13. The system of claim 8, wherein the information is encoded as a bit vector.

14. A system comprising:

means for compiling a plurality of blocks of code, including finding one or more unused bits in an instruction in one of the plurality of blocks of code, and using the one or more unused bits to pass information to a post-compile-time software application without defining new instructions; and

means for executing the means for compiling and the post-compile time software application.

15. The system of claim 14, wherein the information identifies whether certain registers are live.

16. The system of claim 14, wherein the post-compile-time software application comprises a dynamic optimizer.

17. The system of claim 14, wherein the instruction is a no-operation (NOP) instruction.

18. A method for compiling, comprising the steps of:

finding one or more unused bits in an instruction in one of a plurality of blocks of code that are being compiled; and

encoding information in the one or more unused bits without defining new instructions, wherein the information is used by a post-compile-time software application.

19. The method of claim 18, wherein the information identifies whether certain registers are live.

20. The method of claim 18, wherein the post-compile-time software application comprises a dynamic optimizer.

21. The method of claim 18, wherein the instruction is a no-operation (NOP) instruction.

22. The method of claim 18, further comprising: using the information by the post-compile-time software application to determine whether certain registers are live.

23. The method of claim 18, wherein the information is encoded as a bit vector.

24. A method for passing information to a post-compile-time software application, comprising the steps of:

compiling a plurality of blocks of code; and

during the step of compiling, finding one or more unused bits in an instruction in one of the plurality of blocks of code, wherein the one or more unused bits are used to pass information to the post-compile-time software application without defining new instructions.

25. The method of claim 24, wherein the information identifies whether certain registers are live.

26. The method of claim 24, wherein the instruction is a no-operation (NOP) instruction.

27. A computer system comprising:

memory configured to store software;

a processor that is coupled to the memory and that is configured to execute software stored in the memory;

a compiler that is stored in the memory and that is configured to compile blocks of code, to find unused bits in an instruction in one of the blocks of code, and to encode information as a bit vector in the unused bits; and

a post-compile-time software application that is stored in the memory and that is configured to use the information to modify the compiled blocks of code.

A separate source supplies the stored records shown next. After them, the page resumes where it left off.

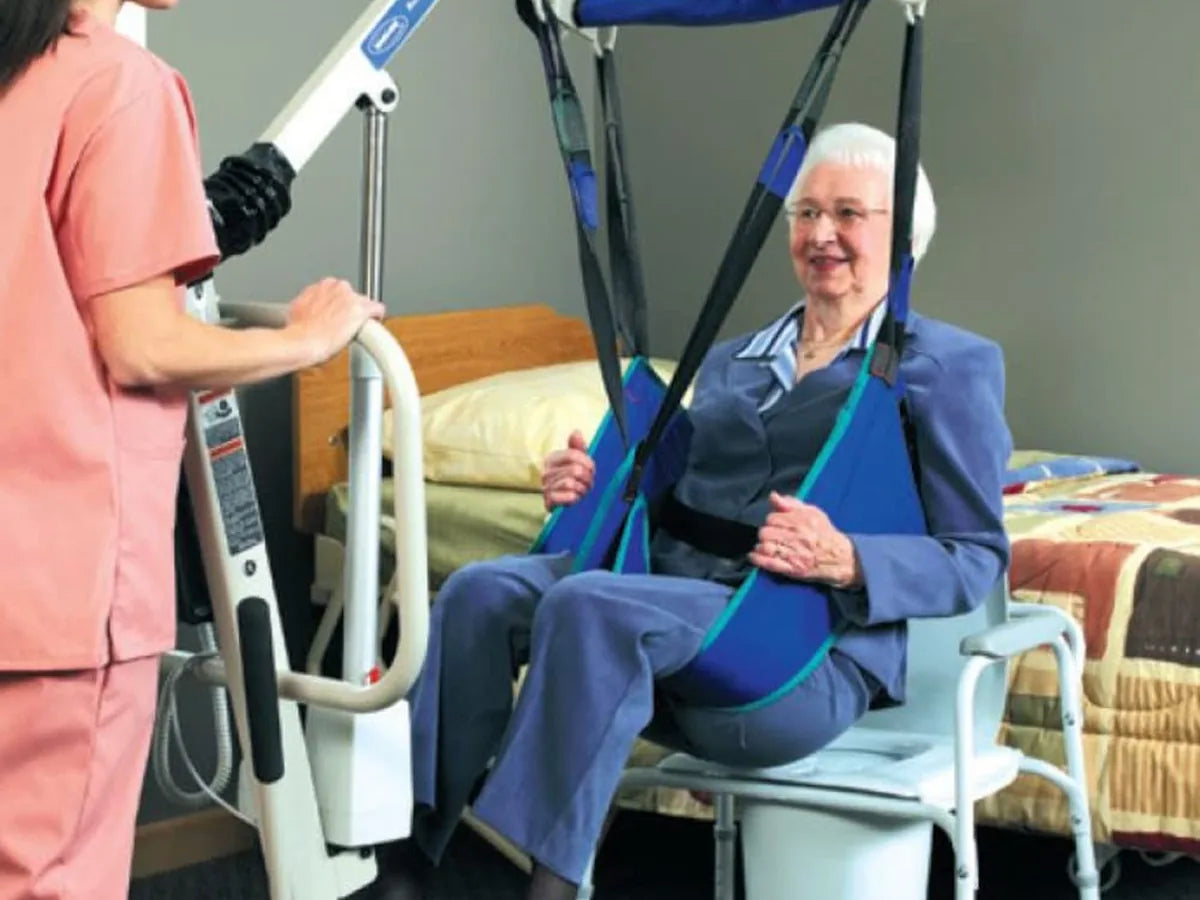 A woman seated in a blue toileting sling hung from a patient lift, beside a caregiver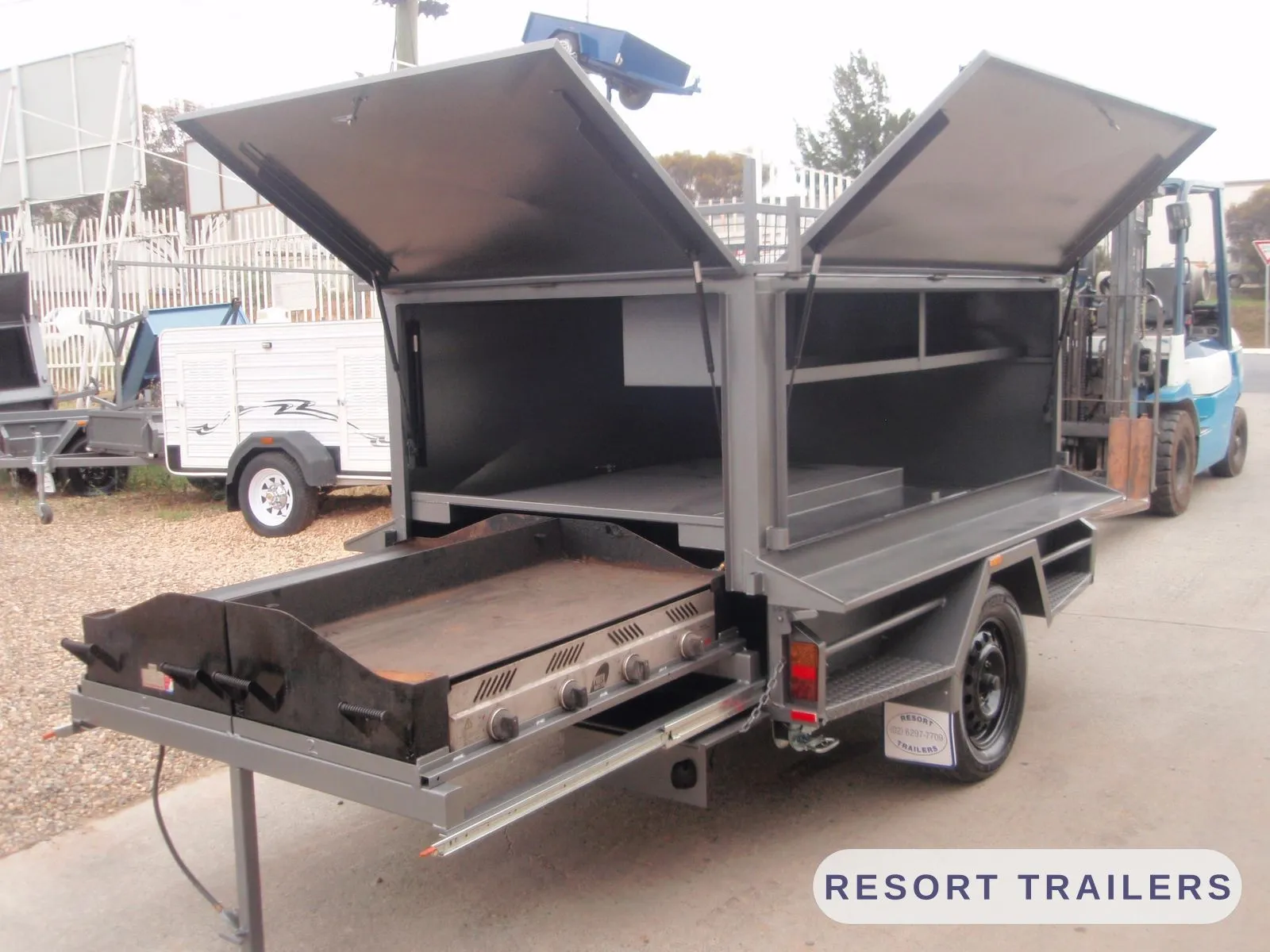 BBQ trailer opened up with the hotplate slid out — built by Resort Trailers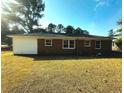Spacious backyard, perfect for outdoor activities and relaxation, with a glimpse of the home's exterior at 109 S Maple Ave., Andrews, SC 29510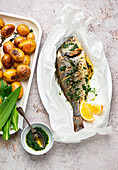 Grilled gilthead with wild garlic pesto and roasted potatoes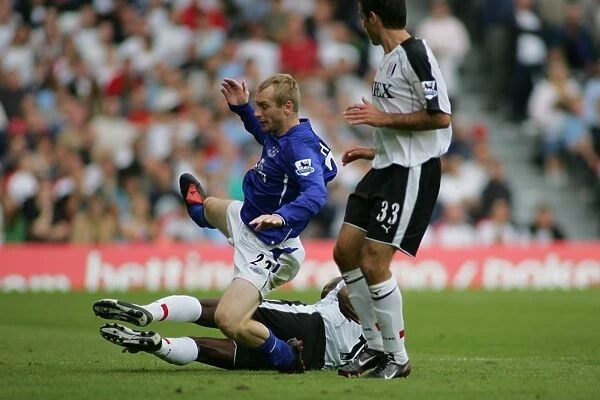 Tony Hibbert is felled by a pair of Bolton defenders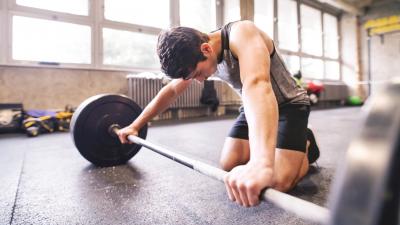 teen gripping barbell as it sits on the gym floor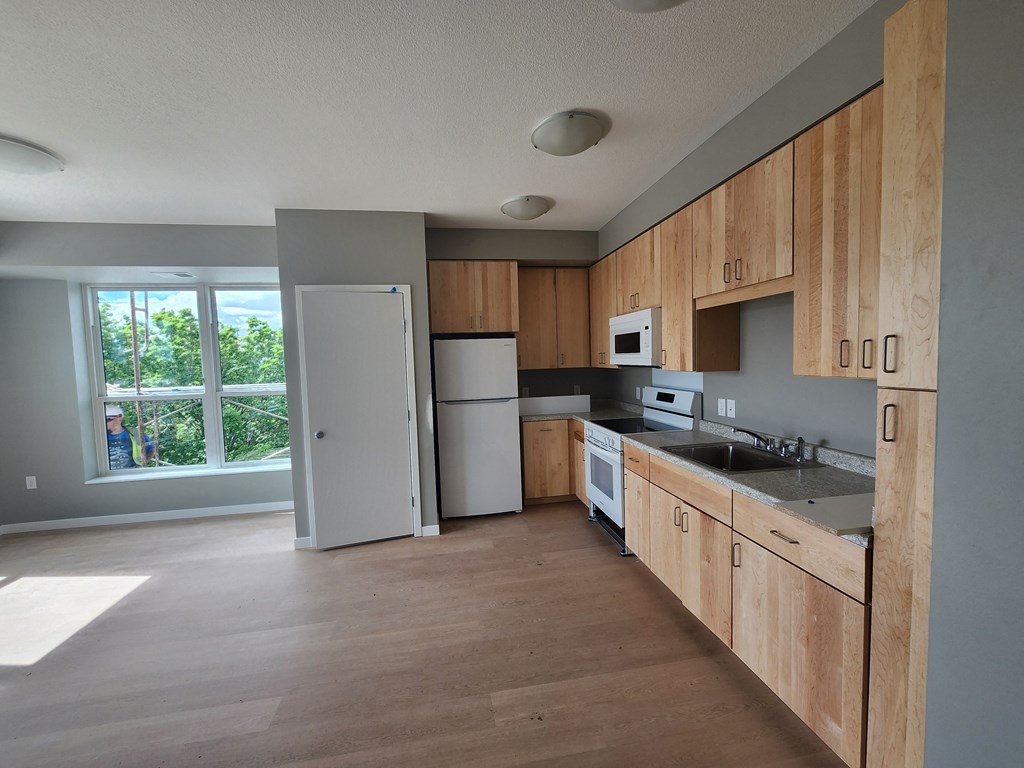 an empty kitchen with wooden cabinets and a white refrigerator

28. The system of claim 27, wherein the instruction is a no-operation (NOP) instruction.

29. The system of claim 27, wherein the post-compile-time software application is configured to use the information to determine whether certain registers are live.

30. The system of claim 27, wherein the information identifies whether certain registers in said one of the blocks of code are live.

31. The system of claim 27, wherein the post-compile-time software application comprises a dynamic optimizer.

32. A method that is implemented by software, comprising the steps of:

storing a post-compile-time software application in memory that is coupled to a processor;

compiling blocks of code, including finding unused bits in an instruction in one of the blocks of code, and encoding information as a bit vector in the unused bits; and

modifying the compiled blocks of code by the post-compile-time software application, wherein a configuration of the modified and compiled blocks of code is responsive to the information.

33. The method of claim 32, wherein the instruction is a no-operation (NOP) instruction.

34. The method of claim 32, wherein the post-compile-time software application is configured to use the information to determine whether certain registers are live.

35. The method of claim 32, wherein the information identifies whether certain registers in said one of the blocks of code are live.

36. The method of claim 32, wherein the post-compile-time software application comprises a dynamic optimizer.